Bowlders of the Long Island Drift.—In a paper read before the Natural History section of the Long Island Historical Society, Mr. E. Lewis, Jr., gives an interesting account of the bowlders of the Long Island drift, treating especially of their size as compared with those of New England. On the north shore of the island, where the banks and headlands are rapidly wasted by the waves, bowlders, varying in size from a few inches to twenty feet in diameter, are thickly scattered about. Indeed, north of the central ridge of hills they are found everywhere, in some cases at an elevation of 300 feet above the sea-level. On Montauk Point, and in the neighborhood of the Hamptons, they are also abundant; and the immense deposits of sand along the southwestern shores were largely formed no doubt from bowlders and other materials of the drift, that have been ground up and deposited by the waves.
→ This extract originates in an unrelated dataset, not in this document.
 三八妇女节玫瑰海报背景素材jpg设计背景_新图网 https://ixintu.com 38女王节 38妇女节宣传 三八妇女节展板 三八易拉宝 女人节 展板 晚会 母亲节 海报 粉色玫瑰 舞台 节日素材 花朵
This process is still going on, enormous quantities of bowlders and pebbles along the banks about Montauk being daily undermined and reduced to sand by the action of the surf. So far as observed, the bowlders are without sharp outlines, and many of them are exceedingly smooth. Those on the surface in the vicinity of Montauk have a blotched appearance, due to the presence of feldspar, and show evident traces of disintegration and decay. The excessive humidity of the air in this region is thought to contribute to this result.
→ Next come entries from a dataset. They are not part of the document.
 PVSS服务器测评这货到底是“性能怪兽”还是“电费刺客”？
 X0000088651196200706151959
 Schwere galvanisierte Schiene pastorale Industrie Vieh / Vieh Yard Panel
Many of the bowlders are of large size, the largest being varieties of gneiss. Several have been carefully measured by Mr. Lewis. One on Strong's Neck, in Suffolk County, measures above the ground 22 by 26 feet, and is 25 feet high, giving a solid contents of about 14,000 cubic feet. At least half of this rock is believed to be below the surface. East of this are three masses of gneiss, which may have been originally one. If so, the volume of the mass could not have been less than 40,000 cubic feet; and if but two were originally united, of which there is reasonable certainty, the volume would have been about 27,000 cubic feet. Near Montauk are two masses of dark gneiss, one of which is, above the surface, 126 feet in circumference and 27 feet high, being somewhat cone-shaped. The other is about half this size. Not far from these is the finest though possibly not the largest specimen of gneiss upon the island. It is somewhat irregular in shape, compact in structure, and has a solid contents above the ground of 19,000 cubic feet. There are sections where bowlders, small and large, lie in masses that form continuous ledges.